I knew this, based on personal experience and was in a way attempting to short circuit possible future suffering, for this person. The effort of awakening heart-mind is always to seek opportunities to reduce suffering. I was attempting to do this from the direction of "A smart person learns by their own mistakes, but a wise person learns from the mistakes of others." I went at it soft, medium and hard. No matter how I worked with the individual and another person closely connected, there was always some sort of avoidance and resistance. The bottom line is the effort to accept help and find a way forward was set aside and ignored.

Eventually, I just kinda gave up on the issue, pulling back altogether, seeing that I was exhausting myself on the effort and that on the other side of the table there was about zero effort. I'd been telling myself that perhaps I was mistaken and maybe this particular result won't come. Unfortunately precisely what I was concerned about came to pass and boom there it was. It was a tearful and incredibly painful moment. The results of avoidance forced a very difficult outcome.

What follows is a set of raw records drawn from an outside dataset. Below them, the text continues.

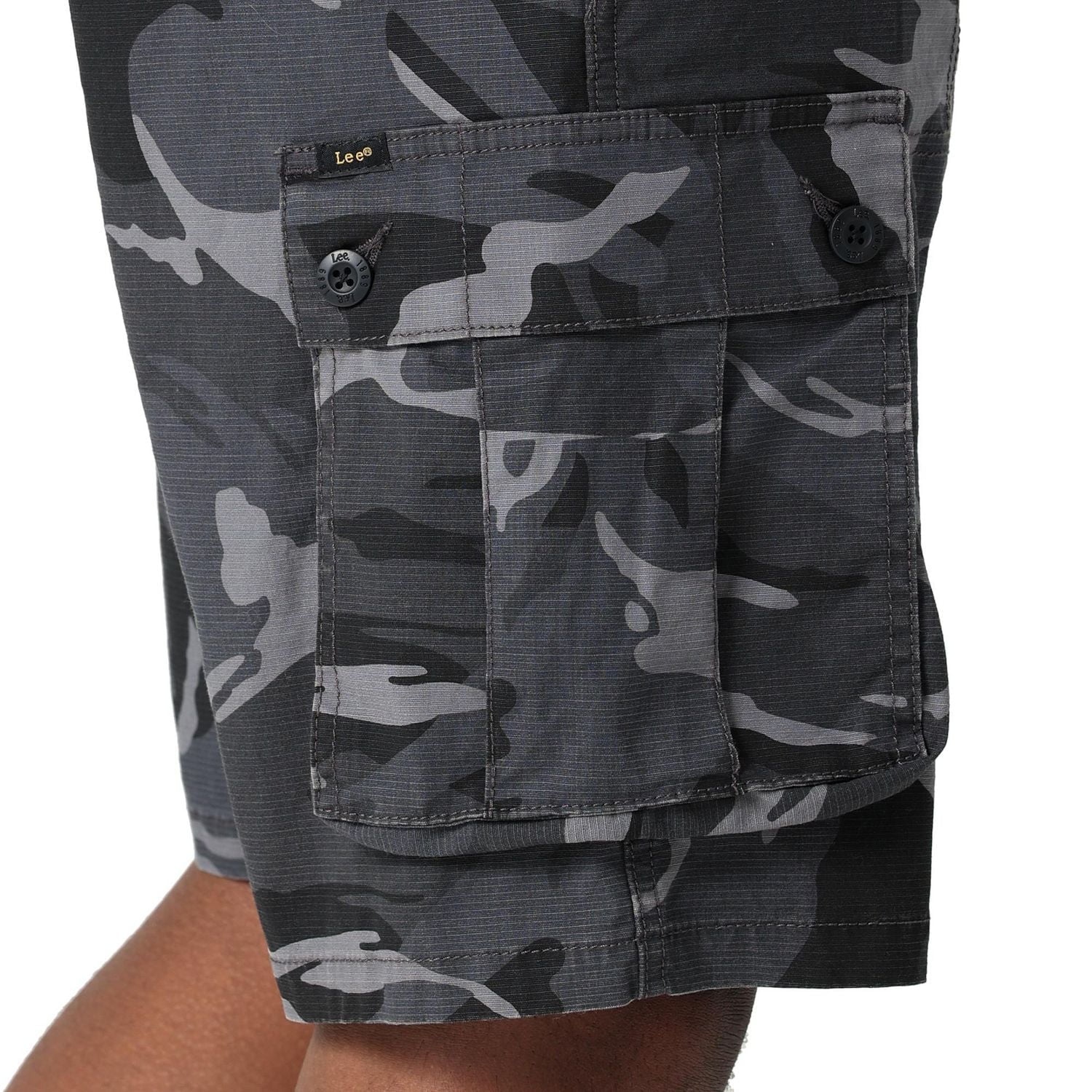 Lee Men's Ripstop Cargo Short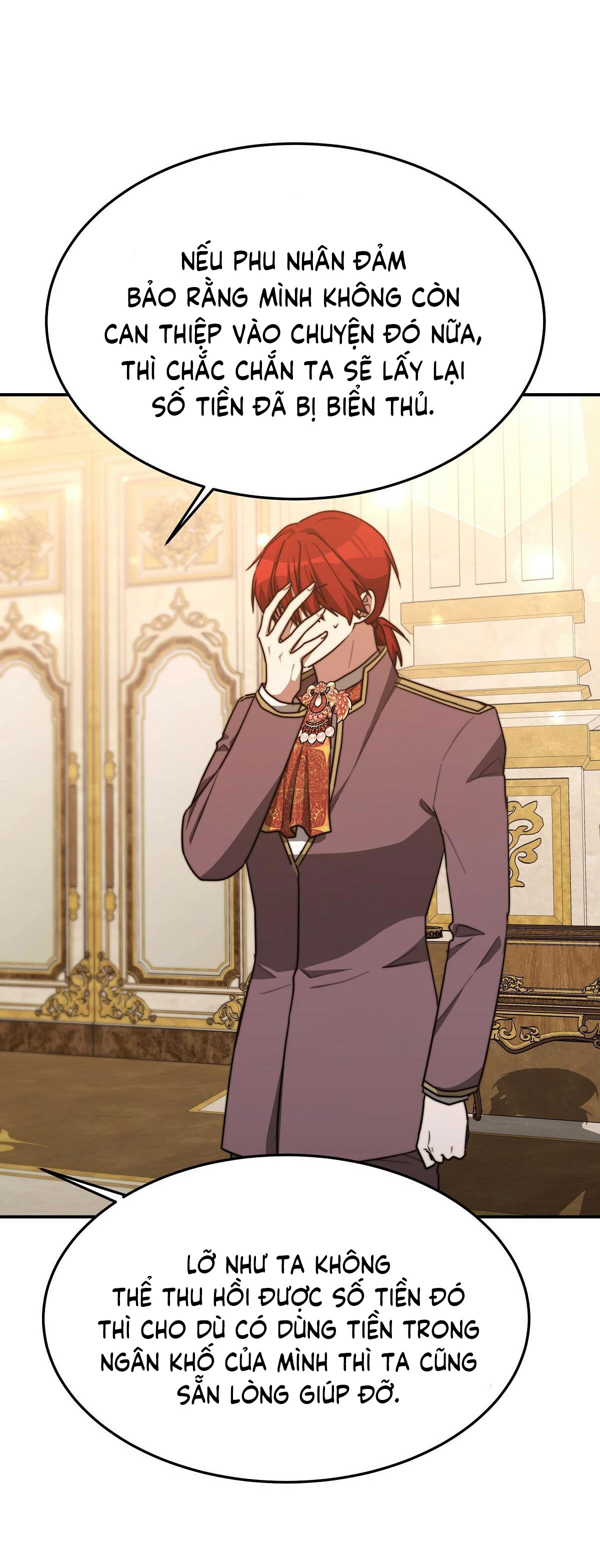 cuộc hôn nhân tay ba chapter 21 20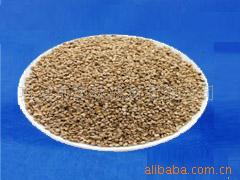 炼油厂含油污水除油滤料核桃壳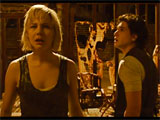 Silent Hill: Revelation 3D Trailer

The lesson comes, before the understanding. For me, I've decided not to make guesses or assumptions about what these particular people close to me has learned. I don't really know if they get it, in depth or magnitude. I'm 100% powerless over that. For me the lesson has been, "If you are in the middle of a fire, see and know that you are it, so that you recognize you need to get out." If I avoid that reality, I'm going to be destroyed more by my avoidance than the actual flames.

As the doctor said, I wish I could make everything nice and fluffy, but I can't. If we live in avoidance mode and putting things off, our outcomes and results will usually be pretty chaotic and unmanageable. Rather than avoid, I find it better to turn and face. I would prefer not to run and hide from the realities that compose my life. This is the foundation of Zen.